→ **WHAT YOU HAVE TO DO**
When you reach the line in the data below that contains "Domingo 19 de", please start repeating lines exactly, and stop after the line that contains "بنسيون Ferienwohnung Lavate 2", repeating nothing else.
---------- RECORDS PROVIDED ----------
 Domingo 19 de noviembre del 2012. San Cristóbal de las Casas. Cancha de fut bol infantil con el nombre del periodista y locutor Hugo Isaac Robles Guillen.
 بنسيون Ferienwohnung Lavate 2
----------
---------- RECORDS PROVIDED ----------
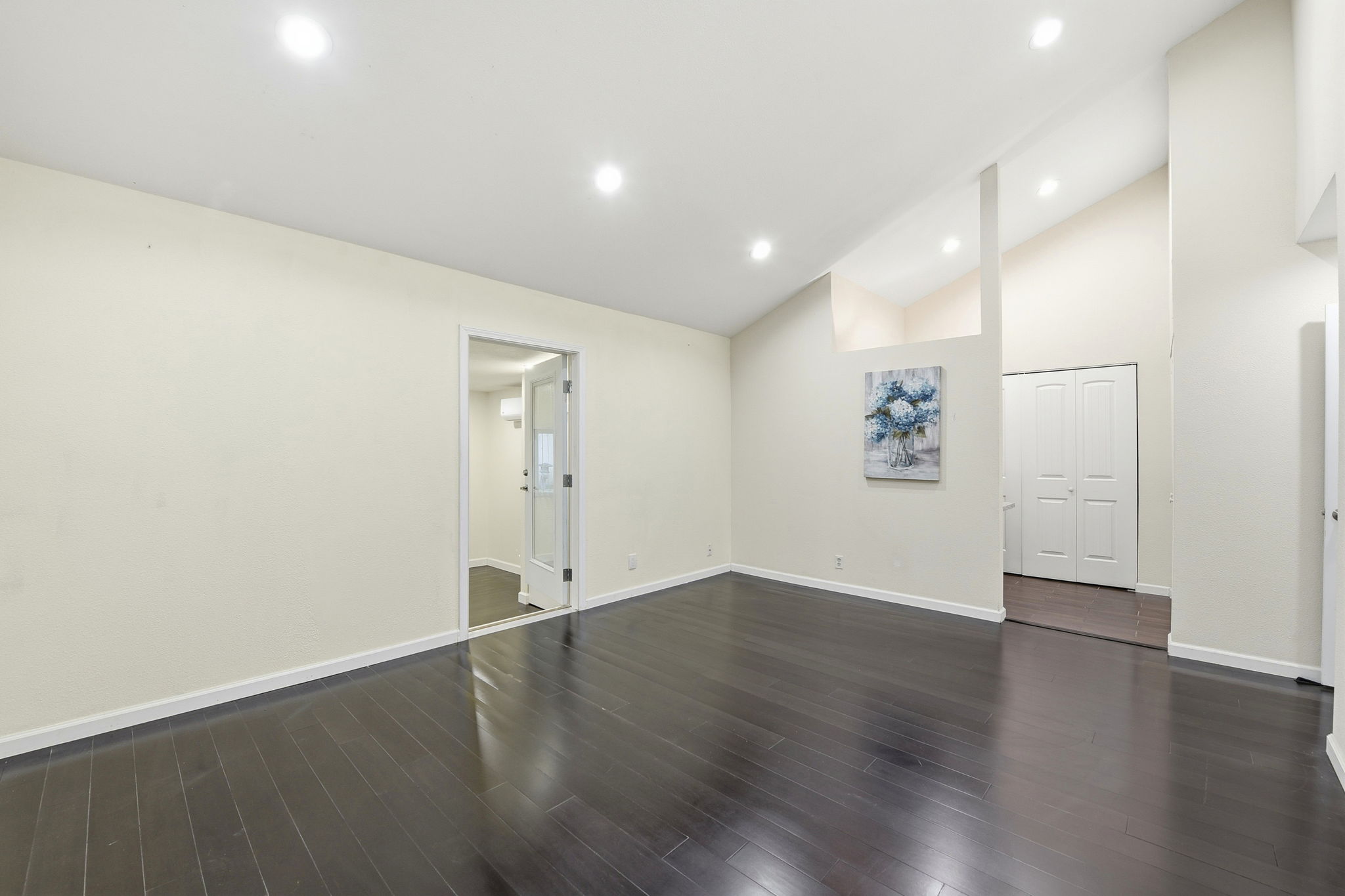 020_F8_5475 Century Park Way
----------
→ **TASK SOLUTION**
 Domingo 19 de noviembre del 2012. San Cristóbal de las Casas. Cancha de fut bol infantil con el nombre del periodista y locutor Hugo Isaac Robles Guillen.
 بنسيون Ferienwohnung Lavate 2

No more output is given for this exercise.